Autour de ces trois philosophes, des écoles se sont formées qui se recommandent déjà, bien qu’inégalement, par le nombre, l’ardeur et le talent des disciples. Lange n’est plus là pour défendre sa doctrine, mais Cohen et Vaihinger se font les interprètes sympathiques ou convaincus de sa pensée. Aux côtés de Hartmann combattent des hommes tels que Carl du Prel et Moritz Venetianer, au nom desquels il convient de rattacher celui du regrettable Taubert. Si nous ne pouvons signaler encore parmi les adhérents de Dühring, que le nom de F. Wollny, nous savons qu’à Berlin l'action de l’auteur du Cursus va tous les jours grandissant.

Outre que les philosophies dont nous parlons ont paru et se sont développées dans la même période de temps, elles offrent à celui qui les veut étudier l’avantage de répondre aux trois directions essentielles de la philosophie moderne. Les tendances des esprits contemporains, en effet, se partagent à peu près également entre l’idéalisme, le matérialisme et le criticisme : entre la doctrine qui réduit tout à l’esprit, celle qui ramène tout à la matière, et celle enfin qui fait profession d’ignorer l’essence des choses.

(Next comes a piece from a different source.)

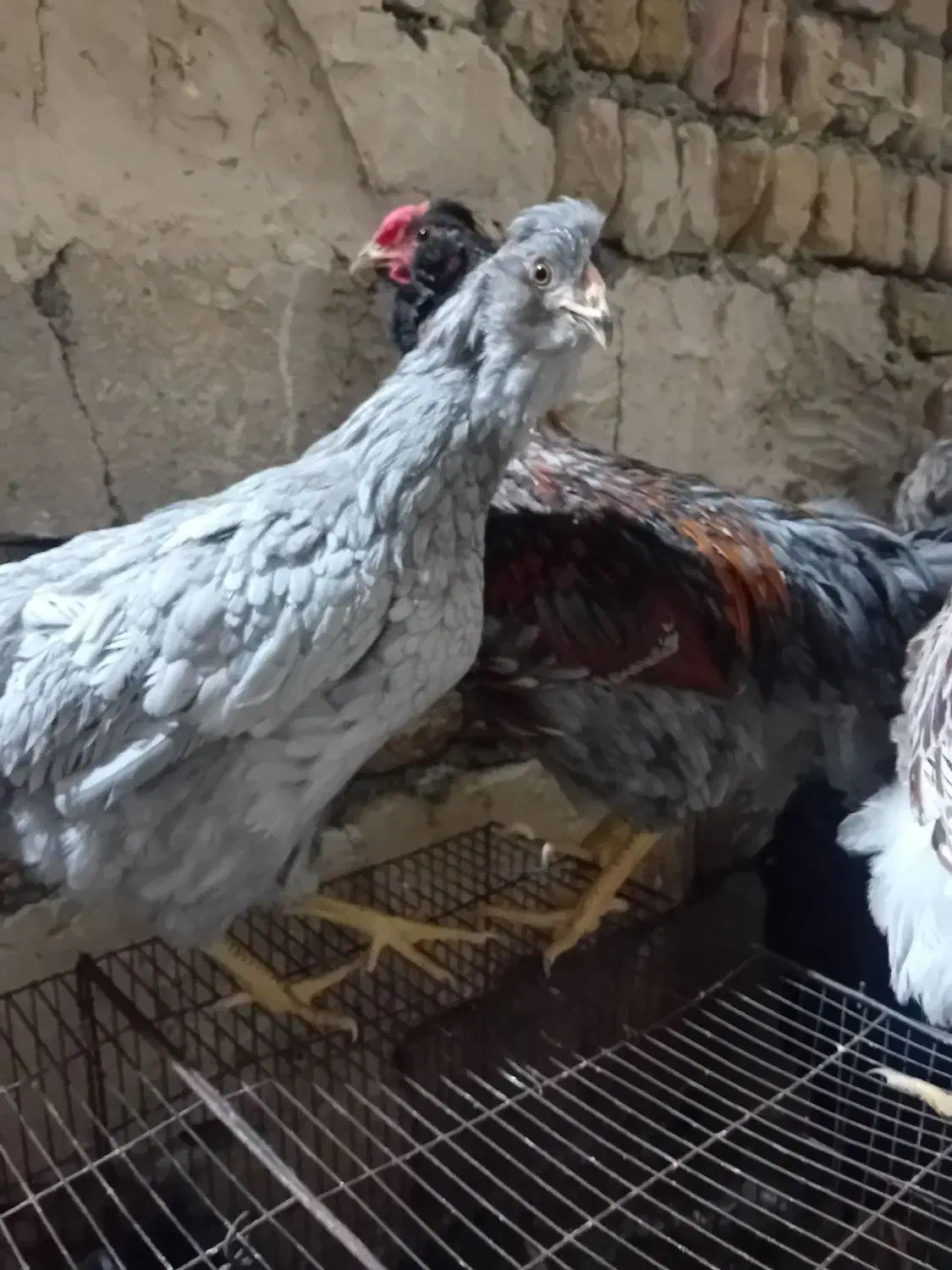 نیمچه گلین وارداتی و ویاندوت|حیوانات مزرعه|مرند, |دیوار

C’est une bonne fortune pour le public qu’un écrivain comme Vaihinger, connu déjà par d’intéressantes notices, lues à l’Association philosophique de Leipzig (par exemple, sur le naturalisme de Czolbe), ou publiées par la Revue d’Avenarius, ait réuni dans une étude comparée les trois doctrines de Hartmann, Dühring et Lange[1].

  1. Hartmann, Dühring und Lange, ein Kritischer Essay von Hans Vaihinger. Iserlohn, chez Baedeker.